The wires, connectors and other materials for appliance harnesses must be designed to accommodate the specific functional and environmental conditions of each device. Voltage, amperage and operating temperature requirements will determine the insulation and gauge of the wire. Extreme vibration, as with a washing machine, will influence the choice of connector and how the harness will be mounted.
“You may also need to consider chemicals, such as detergents and greases, waterproofness, and safety concerns, such as flammability,” says Rick Johnson, owner of RARE Computers LLC in Detroit and a former senior program manager with wire harness maker Yazaki North America. “Assuming you are targeting the U.S. market, all household appliance wiring must meet UL specifications. These specs are dramatically different from the [Society of Automotive Engineers] specs for the auto industry. Europe and Asia also have their own specifications. There is no one-size-fits-all guideline.”

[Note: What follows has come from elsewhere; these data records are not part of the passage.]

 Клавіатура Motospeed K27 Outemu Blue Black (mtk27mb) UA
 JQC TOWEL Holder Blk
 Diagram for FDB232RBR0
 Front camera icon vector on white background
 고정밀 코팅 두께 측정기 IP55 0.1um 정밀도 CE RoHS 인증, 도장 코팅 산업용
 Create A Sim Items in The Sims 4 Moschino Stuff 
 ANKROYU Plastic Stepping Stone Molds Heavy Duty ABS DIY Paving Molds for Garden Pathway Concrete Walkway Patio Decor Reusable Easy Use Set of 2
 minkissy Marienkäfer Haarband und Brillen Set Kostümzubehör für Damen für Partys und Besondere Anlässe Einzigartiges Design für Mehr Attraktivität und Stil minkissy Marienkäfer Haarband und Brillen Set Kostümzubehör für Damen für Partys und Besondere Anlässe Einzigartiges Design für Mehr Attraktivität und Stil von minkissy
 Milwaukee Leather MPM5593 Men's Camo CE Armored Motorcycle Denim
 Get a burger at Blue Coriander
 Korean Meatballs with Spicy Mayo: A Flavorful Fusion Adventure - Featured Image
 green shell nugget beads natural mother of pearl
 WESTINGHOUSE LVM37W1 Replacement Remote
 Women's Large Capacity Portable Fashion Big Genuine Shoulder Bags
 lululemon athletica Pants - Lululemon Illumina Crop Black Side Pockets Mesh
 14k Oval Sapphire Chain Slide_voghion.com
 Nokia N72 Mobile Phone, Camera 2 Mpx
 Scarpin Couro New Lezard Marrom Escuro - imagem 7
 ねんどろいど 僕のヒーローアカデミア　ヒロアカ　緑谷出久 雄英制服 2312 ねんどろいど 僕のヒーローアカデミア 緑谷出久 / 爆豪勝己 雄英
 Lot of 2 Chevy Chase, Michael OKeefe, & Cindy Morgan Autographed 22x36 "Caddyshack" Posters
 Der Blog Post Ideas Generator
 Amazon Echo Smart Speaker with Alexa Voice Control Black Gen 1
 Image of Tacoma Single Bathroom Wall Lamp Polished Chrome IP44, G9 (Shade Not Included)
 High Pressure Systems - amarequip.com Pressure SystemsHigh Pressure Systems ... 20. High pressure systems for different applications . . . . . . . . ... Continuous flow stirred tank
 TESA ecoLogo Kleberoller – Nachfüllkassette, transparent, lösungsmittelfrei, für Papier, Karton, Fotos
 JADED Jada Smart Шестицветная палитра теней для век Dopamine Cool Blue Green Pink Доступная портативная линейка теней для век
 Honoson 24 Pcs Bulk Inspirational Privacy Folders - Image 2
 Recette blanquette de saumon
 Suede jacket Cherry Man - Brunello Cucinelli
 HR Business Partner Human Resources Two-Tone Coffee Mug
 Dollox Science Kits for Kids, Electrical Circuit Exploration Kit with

Wiring for refrigerators is almost exclusively UL-rated, unplated stranded wire with PVC insulation, says Douglas DeLashmutt, principal manufacturing engineer at DRS Consolidated Controls in Danbury, CT.
“This type of wire would also be used in dishwashers and ranges where high temperatures would not be present,” he says. “If high temperatures are present, the insulation would likely be a fiberglass material.
“Connectors are typically low-cost plastic and mate with stamped terminals. To gain volume pricing benefits, connector types and sizes will be leveraged across product lines.”
Gas stoves typically use wire with heat-resistant insulation materials, such as cross-linked polyethylene, silicon and Teflon. PVC insulation is adequate for gas furnaces, since the wiring isn’t near the flame.
Because OEMs like to offer consumers variants and options, assembling harnesses for appliances tends to be a high-mix proposition. For example, a furnace manufacturer might offer a family of products that requires 15 different harnesses, says Farell. The harnesses might be identical—the same wires, the same colors, the same terminals—only one harness might be a couple of inches longer than another. Having controls in place to deal with such variety is critical.
“We identify the wires from the moment that we cut, strip and terminate them,” says Farell. “We label the bundles, and we make sure the areas where the wires are placed are clearly identified by part number, so there’s no possibility of mix-ups.
“Also, we try to minimize work in process as much as possible, and we try to make-to-order as best we can.”
Visual workplace techniques are helpful. At Cesar-Scott, engineering drawings are color-coded to match the color of the wire. As much as possible, drawings are made to reflect the actual size of the part, so operators can clearly see differences in lengths and gauges. Reference documents and illustrations showing standard operating procedures are posted above workstations.
Like most harness shops, Cesar-Scott assembles harnesses on pin boards, and each harness must pass functionality, hi-pot and other customer-specific testing. “We release the boards to production just like we would any other tool,” says Farell. “We make sure there’s a first-piece approval, and we typically have a ‘golden sample’ that we’ll bring out and put on the board to make sure that everything marries up and functions correctly.”
Crimp quality is becoming increasingly important to appliance OEMs, says Conductive Cable’s Kao. “We track every crimp with crimp-force monitoring,” he says. “In the past, crimps were tested once per hour. You picked out a terminated wire and did a pull test on it. That’s not good enough. In an hour, you could be producing thousands of bad crimps.”
Crimping presses are configured so that if a bad crimp is detected, the machines either destroy the part or lock up, preventing the defective part from entering production. In addition, Conductive Cable routinely takes cross-sections of crimped connections to ensure that press dies have been set up correctly.